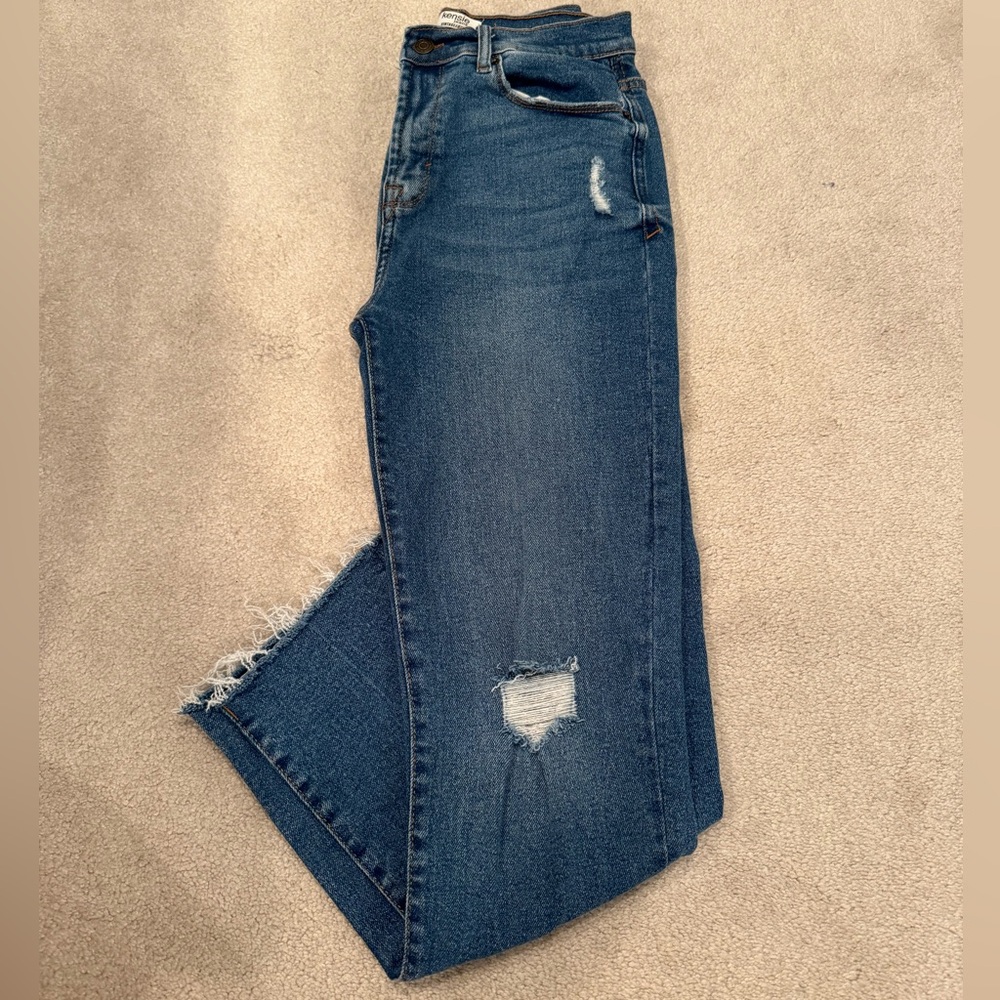 Kensie Blue Straight Leg Jeans with Distressed Details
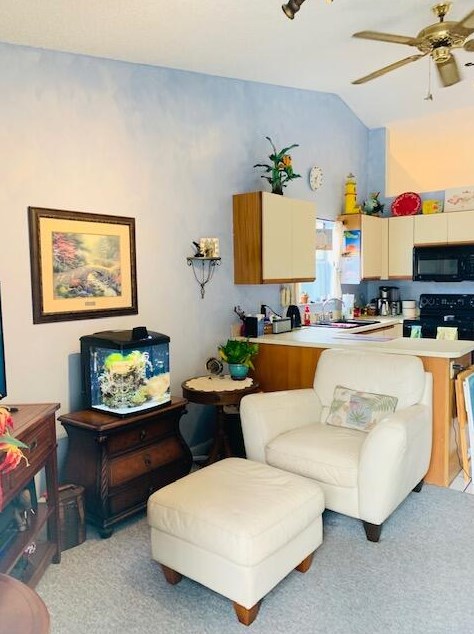 5157 Canal Cir, Lake Worth FL 33467-1840 exterior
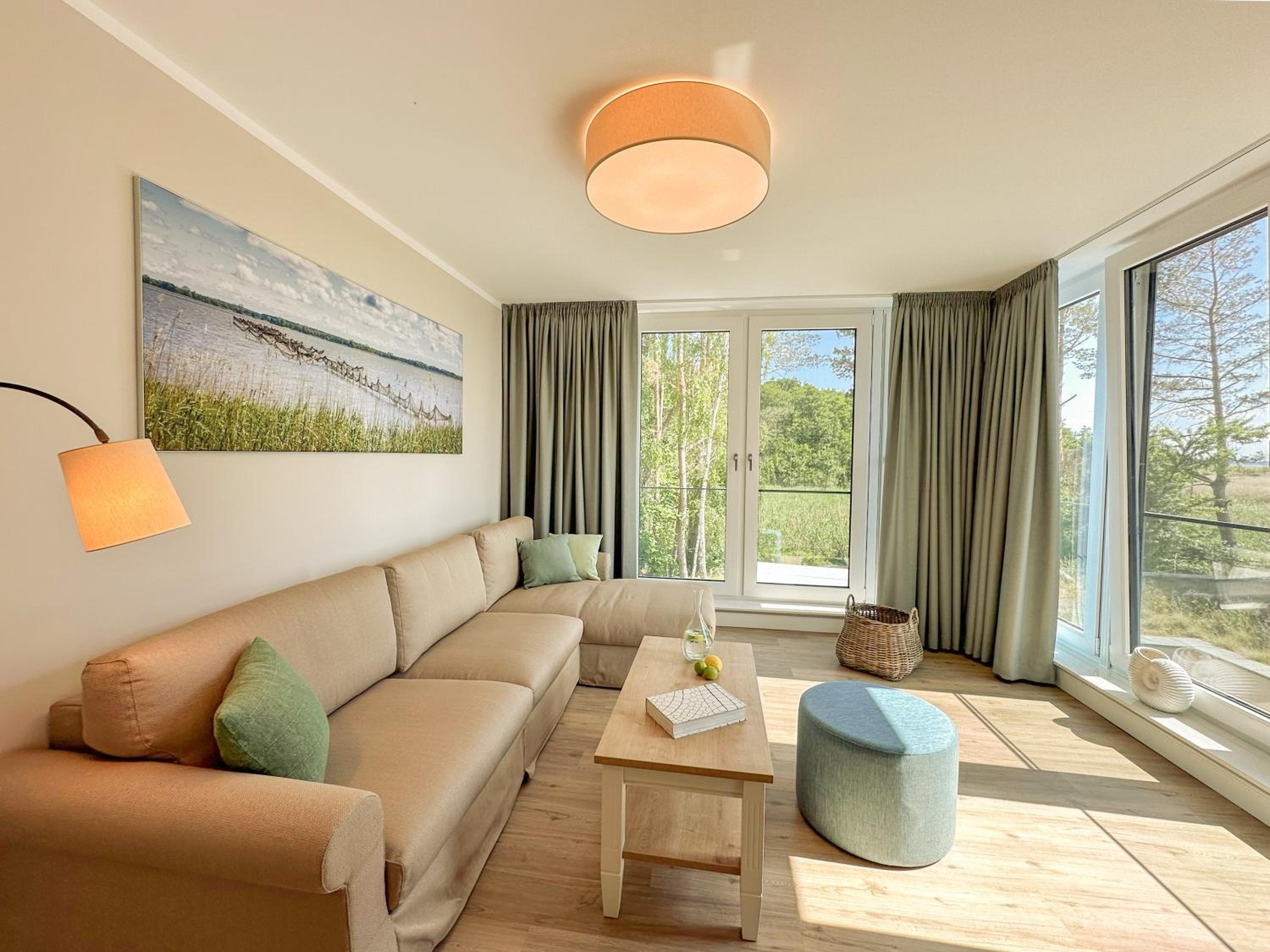 Suite with Lake View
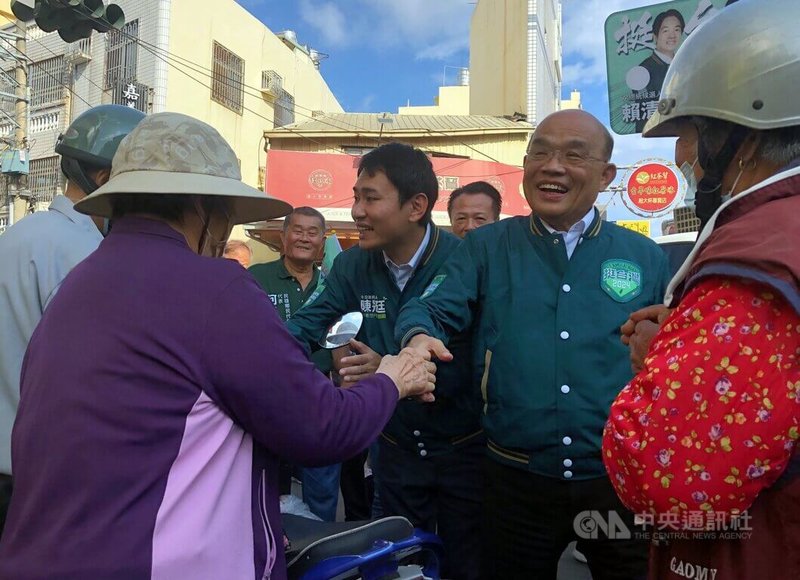 前行政院長蘇貞昌(前右)19日到嘉義縣輔選民進黨立委參選人陳冠廷(前中),並前往民雄傳統市場徒步掃街,懇託鄉親支持。中央社記者黃國芳攝 112年12月19日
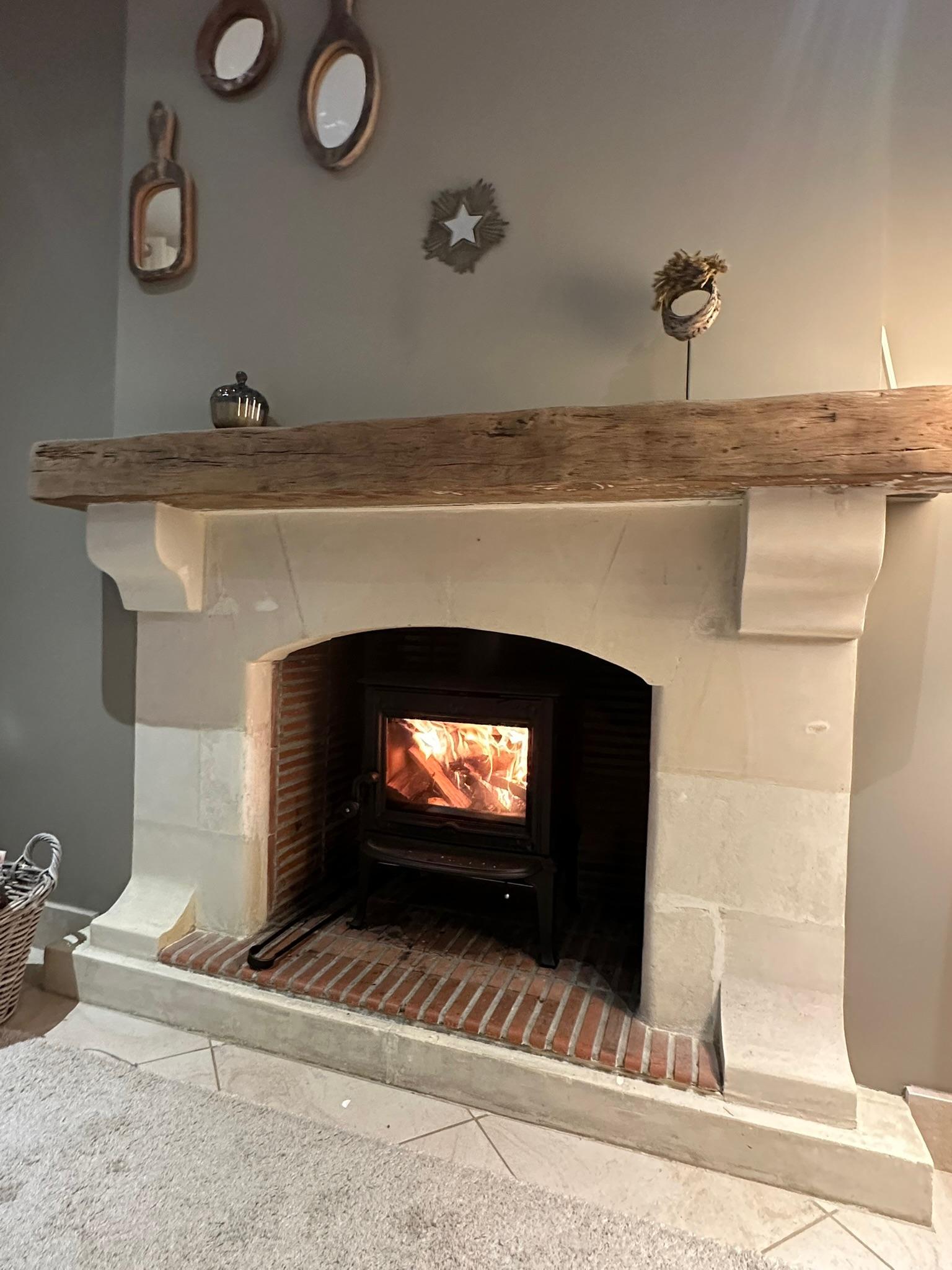 Installation d’un poêle en fonte Jotul à Deauville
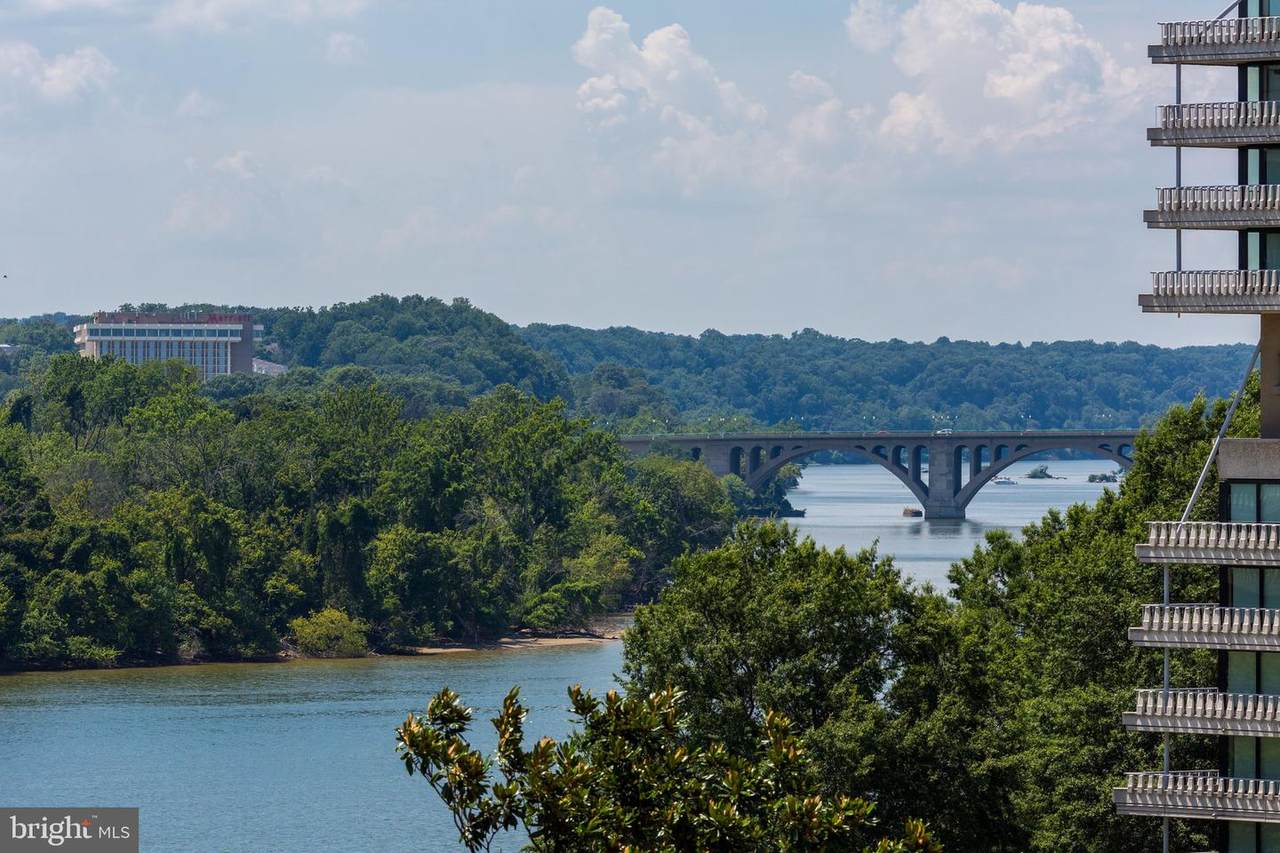 2500 Virginia Ave - Photo 1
= = = = =
### EXERCISE
A complete and exact copy of the records is required. Exclude the pictures.

### RESULT BELOW
 Kensie Blue Straight Leg Jeans with Distressed Details
 5157 Canal Cir, Lake Worth FL 33467-1840 exterior
 Suite with Lake View
 前行政院長蘇貞昌(前右)19日到嘉義縣輔選民進黨立委參選人陳冠廷(前中),並前往民雄傳統市場徒步掃街,懇託鄉親支持。中央社記者黃國芳攝 112年12月19日
 Installation d’un poêle en fonte Jotul à Deauville
 2500 Virginia Ave - Photo 1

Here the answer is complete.